Dynamo Release v0.1.0
Dynamo v0.1.0 version will be released following Jensen Huang’s GTC keynote, and the product will be hosted on github.com/ai-dynamo. It’s an open source project with Apache 2 license, and public continuous integration will be available from the start to enable industry-wide collaboration. The primary distribution will be through pip wheels with minimal binary size. The ai-dynamo github org will host 2 repos: dynamo and NIXL.

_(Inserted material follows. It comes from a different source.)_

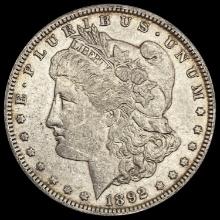 1892-S Morgan Silver Dollar CLOSELY UNCIRCULATED CLOSELY UNCIRCULATED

Initial Dynamo release features:
- Disaggregated serving with X prefill and Y decode nodes
- KV aware routing
- KV cache manager to offload KV cache to system memory
- NIXL support for RDMA (InfiniBand, Ethernet) and TCP
- Support for K8s deployment
As a vendor-agnostic serving framework, Dynamo supports multiple LLM inference engines including TRT-LLM, vLLM, and SGLang at launch, with varying degrees of maturity and support. Dynamo supports the vLLM engine with all the capabilities mentioned above, with a plan to achieve feature parity with the rest of inference engines as soon as possible.
Future plans
The next release of Dynamo plans to open-source the KV cache manager as a standalone repository under the ai-dynamo organization. This release will provide functionality for storing and evicting KV cache across multiple memory tiers, including GPU, system memory, local SSD, and object storage.

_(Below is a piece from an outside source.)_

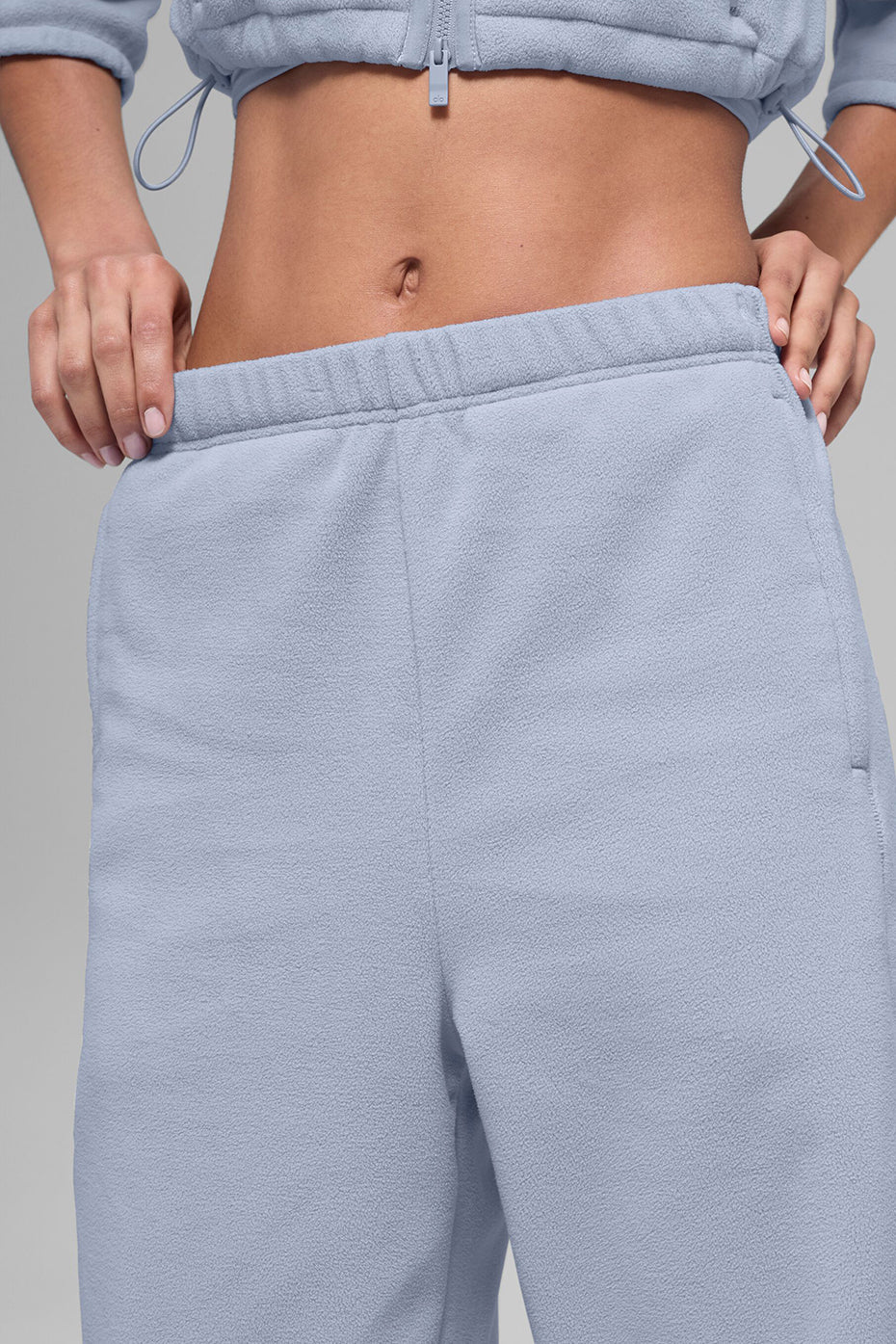 Polar Fleece High-Waist Retreat Jogger - Winter Frost--2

In that release, we will include an early version of the Dynamo Planner, another core component. This initial release will feature heuristic-based dynamic allocation of GPU workers between prefill and decode tasks, as well as model and fleet configuration adjustments based on user traffic patterns. Our vision is to evolve the Planner into a reinforcement learning platform, which will allow users to define objectives and then tune and optimize performance policies automatically based on system feedback.

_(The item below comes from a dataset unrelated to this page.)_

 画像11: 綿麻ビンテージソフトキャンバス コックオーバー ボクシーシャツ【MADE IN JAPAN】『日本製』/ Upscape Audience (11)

Dynamo is designed as the ideal next generation inference server, building upon the foundations of the Triton Inference Server. While Triton focuses on single-node inference deployments, we are committed to integrating its robust single-node capabilities into Dynamo within the next several months. We will maintain ongoing support for Triton while ensuring a seamless migration path for existing users to Dynamo once feature parity is achieved.